Pumpkin Rice Krispy Treats
By Chef Shelley Pogue, Personal Chef Services Austin Texas
I have been posting many of my favorite fall dishes, and this is a really easy one and a good one to try and even make with your children. I like to use a 9″X9″ pan because I like the thickness of the treats better than the thin ones, this is personal preference you can use an 8″X11″ if you prefer. I have used some orange coloring in the past and made them into ball or pumpkin like shapes but sometimes my artistic ability fails me and I would rather put them into a pan and cut for an easy treat! If you want an easy treat that is easy for a weekend or evening project to spend time with your children this would be one to do and it is not very difficult! The bonus is not only spending time with the kiddo’s, but you have a sweet treat to enjoy the fruits or your labor, or pumpkin rice krispy treats with the whole family!

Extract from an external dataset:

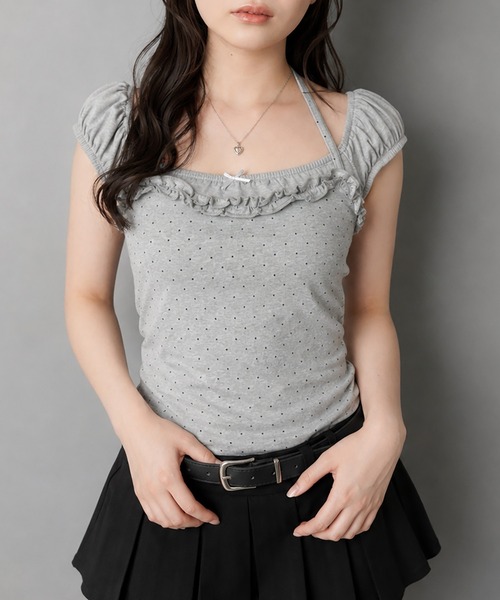 SPINNS(スピンズ)の「パフスリーブカットソー+ドット柄キャミソールセット/韓国ガーリー(Tシャツ/カットソー・レディース・サックスブルー/チャコール/レモンイエロー/オフホワイト・ONESIZE)」の2枚目の写真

– 6 cups puffed crispy rice cereal
– 1 small bag mini marshmallows
– 1/4 cup pumpkin puree
– 4 Tablespoons of unsalted butter
– 1/2 teaspoon ground pumpkin pie spice
– 1/4 teaspoon ground cinnamon
– 1/4 teaspoon vanilla bean paste
– 1/8 teaspoon salt
– 1/8 teaspoon allspice
Instructions: In a large saucepan melt butter over low to medioum heat. Add the pumpkin puree and cook until warmed and add in the marshmallows, vanilla bean paste, pumpkin pie spice, cinnamon, allspice and salt. Continue stirring often until marshmallows are melted but be careful not to burn (tastes awful), remove and cool completely. Use a baking pan 9″X9″ and coat with 1 Tablespoon of butter and set aside. When the pumpkin and marshmallow mixture is cooled to room temperature add to the puffed crispy rice cereal and stir or fold in until combined. Pour the mixture into the buttered 9″X9″ baking pan, spread out evenly and gently press down with spatula. Refrigerate to set for at least 1 hour the cut your Pumpkin Rice Krispy Treats and serve with milk, coffee or a hot adult beverage.